Une route faite pour distancer la ville

La batterie n’entre pas, elle enfonce la porte, et une phrase de guitare monte sur le manche comme quelqu’un qui vérifie la rue avant que le feu change.

Bruce Springsteen a passé des mois sur Born to Run, d’abord aux 914 Sound Studios de Blauvelt, dans l’État de New York, puis au Record Plant de Manhattan, avec Mike Appel et Jon Landau comme producteurs, et son propre nom au générique. L’album qui porte la chanson sort le 25 août 1975. Il voulait un disque avec la pression verbale de Bob Dylan, la densité de Phil Spector, et une voix capable de ce que faisait Roy Orbison, ce que personne, il le savait, ne pouvait faire. Clarence Clemons répond au couplet par un saxophone qui sonne comme un second moteur. Wendy n’est pas un symbole collé. Elle est la personne sur le siège passager, et la ville derrière eux sent l’huile et l’été.

En concert, la chanson cesse d’être un problème de studio et devient un pacte. Le groupe frappe le temps fort, la salle chante le titre avant lui, et le pont, là où l’autoroute les tire, sonne encore comme une décision plutôt qu’un refrain. Le single n’a atteint que la 23e place en Amérique. L’album a fait le travail lourd, les couvertures, les disputes. Landau avait déjà écrit, l’année d’avant, qu’il avait vu l’avenir du rock. Le morceau est l’acte de ce pari : trop de guitares, un glockenspiel qui brille dans le mur de son, un texte qui préfère partir plutôt qu’expliquer.
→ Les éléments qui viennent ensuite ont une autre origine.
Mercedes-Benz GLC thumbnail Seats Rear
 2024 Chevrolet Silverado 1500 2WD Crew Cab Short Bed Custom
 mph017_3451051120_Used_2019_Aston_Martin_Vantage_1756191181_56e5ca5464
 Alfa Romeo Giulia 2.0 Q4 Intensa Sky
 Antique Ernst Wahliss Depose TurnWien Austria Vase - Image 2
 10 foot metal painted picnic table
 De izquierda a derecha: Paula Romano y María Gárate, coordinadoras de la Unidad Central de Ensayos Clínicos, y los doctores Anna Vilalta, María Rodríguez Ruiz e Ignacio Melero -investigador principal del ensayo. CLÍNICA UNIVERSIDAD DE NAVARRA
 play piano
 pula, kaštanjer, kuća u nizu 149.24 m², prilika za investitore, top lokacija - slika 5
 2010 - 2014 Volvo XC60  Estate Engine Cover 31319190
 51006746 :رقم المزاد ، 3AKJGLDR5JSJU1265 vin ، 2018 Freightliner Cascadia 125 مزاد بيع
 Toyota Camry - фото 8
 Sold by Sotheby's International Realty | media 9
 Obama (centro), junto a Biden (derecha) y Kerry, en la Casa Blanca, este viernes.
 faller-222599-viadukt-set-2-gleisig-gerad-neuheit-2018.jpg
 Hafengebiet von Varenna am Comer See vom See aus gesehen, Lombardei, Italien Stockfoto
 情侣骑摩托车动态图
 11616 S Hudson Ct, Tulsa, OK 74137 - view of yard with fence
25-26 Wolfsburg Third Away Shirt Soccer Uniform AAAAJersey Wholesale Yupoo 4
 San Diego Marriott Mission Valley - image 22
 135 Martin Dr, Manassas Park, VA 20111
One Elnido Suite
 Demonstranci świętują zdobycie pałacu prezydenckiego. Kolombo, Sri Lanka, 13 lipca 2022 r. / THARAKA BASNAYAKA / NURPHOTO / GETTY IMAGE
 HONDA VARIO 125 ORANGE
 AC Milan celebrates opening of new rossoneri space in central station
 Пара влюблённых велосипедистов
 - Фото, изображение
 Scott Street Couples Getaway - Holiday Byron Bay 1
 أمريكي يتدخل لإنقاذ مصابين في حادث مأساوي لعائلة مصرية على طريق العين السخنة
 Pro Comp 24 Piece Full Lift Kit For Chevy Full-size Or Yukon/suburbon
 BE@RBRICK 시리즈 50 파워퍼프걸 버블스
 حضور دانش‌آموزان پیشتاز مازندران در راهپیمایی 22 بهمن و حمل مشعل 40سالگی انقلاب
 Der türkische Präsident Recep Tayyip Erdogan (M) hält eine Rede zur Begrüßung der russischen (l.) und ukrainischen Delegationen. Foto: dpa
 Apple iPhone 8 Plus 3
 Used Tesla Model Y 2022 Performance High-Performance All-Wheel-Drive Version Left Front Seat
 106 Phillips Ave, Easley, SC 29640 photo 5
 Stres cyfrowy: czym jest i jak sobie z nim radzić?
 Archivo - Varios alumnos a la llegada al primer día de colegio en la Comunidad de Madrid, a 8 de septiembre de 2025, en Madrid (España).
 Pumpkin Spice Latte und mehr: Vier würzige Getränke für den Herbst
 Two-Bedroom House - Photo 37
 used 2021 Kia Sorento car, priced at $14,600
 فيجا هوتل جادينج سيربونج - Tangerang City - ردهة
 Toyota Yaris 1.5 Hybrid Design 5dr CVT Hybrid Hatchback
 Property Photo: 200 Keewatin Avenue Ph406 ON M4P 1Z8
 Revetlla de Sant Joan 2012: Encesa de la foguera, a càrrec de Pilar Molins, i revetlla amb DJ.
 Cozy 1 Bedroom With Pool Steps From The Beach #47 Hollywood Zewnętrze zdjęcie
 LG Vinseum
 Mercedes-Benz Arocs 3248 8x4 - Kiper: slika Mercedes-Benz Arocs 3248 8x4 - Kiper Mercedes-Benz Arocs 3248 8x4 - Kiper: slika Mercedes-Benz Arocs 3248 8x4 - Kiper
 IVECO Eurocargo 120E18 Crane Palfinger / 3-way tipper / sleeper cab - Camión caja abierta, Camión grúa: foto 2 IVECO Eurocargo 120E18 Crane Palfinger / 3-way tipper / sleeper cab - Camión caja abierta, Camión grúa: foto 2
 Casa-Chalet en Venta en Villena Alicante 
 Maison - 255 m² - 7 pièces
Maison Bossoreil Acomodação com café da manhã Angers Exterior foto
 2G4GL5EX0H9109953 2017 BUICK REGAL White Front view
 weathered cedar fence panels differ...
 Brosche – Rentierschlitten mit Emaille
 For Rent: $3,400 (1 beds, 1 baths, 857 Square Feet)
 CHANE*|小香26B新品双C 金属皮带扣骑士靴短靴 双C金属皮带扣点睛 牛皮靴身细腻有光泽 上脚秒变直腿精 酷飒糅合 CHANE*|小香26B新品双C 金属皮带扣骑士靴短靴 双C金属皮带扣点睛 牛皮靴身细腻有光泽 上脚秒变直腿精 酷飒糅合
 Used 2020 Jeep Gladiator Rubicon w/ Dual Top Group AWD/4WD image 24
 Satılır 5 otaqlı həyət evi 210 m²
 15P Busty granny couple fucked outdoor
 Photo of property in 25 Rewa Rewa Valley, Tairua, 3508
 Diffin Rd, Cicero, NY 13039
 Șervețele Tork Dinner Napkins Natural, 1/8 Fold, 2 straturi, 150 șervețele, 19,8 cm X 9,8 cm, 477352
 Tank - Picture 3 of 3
Quand je suis entré en studio pour enregistrer Born to Run, je voulais faire un disque avec des mots comme Bob Dylan, qui sonne comme les productions de Phil Spector, mais surtout je voulais chanter comme Roy Orbison. Or tout le monde sait que personne ne chante comme Roy Orbison.

(Bruce Springsteen, Rock and Roll Hall of Fame, 1987)

La fuite du texte n’est pas propre. Des clochards comme nous, chante-t-il, et la formule admet les chances. La chanson croit quand même à la nuit. Elle a été l’ouverture, la clôture, la promesse qu’il fait à une salle qui connaît déjà chaque virage. Sur les tournées de 1975, et sur toutes celles d’après, le saxophone arrive encore comme une météo. Des gens qui n’ont jamais vu le Jersey Shore la chantent comme si la route était locale. C’est le tour de l’écriture. Elle est précise, et elle voyage.

Ce qui reste, c’est la tension entre romance et kilométrage. Springsteen n’a pas tant écrit un rêve qu’une sortie. Les guitares s’empilent jusqu’à ce que la stéréo peine à les tenir, et dessous une voix jeune essaie de sonner comme un homme déjà parti. Orbison reste hors d’atteinte, comme il l’a dit. L’ombre de Dylan passe et s’en va. Ce qu’il a vraiment fait, c’est une ville de quatre minutes dont on peut sortir, vitres baissées, avec la certitude que le matin sera plus dur que la chanson.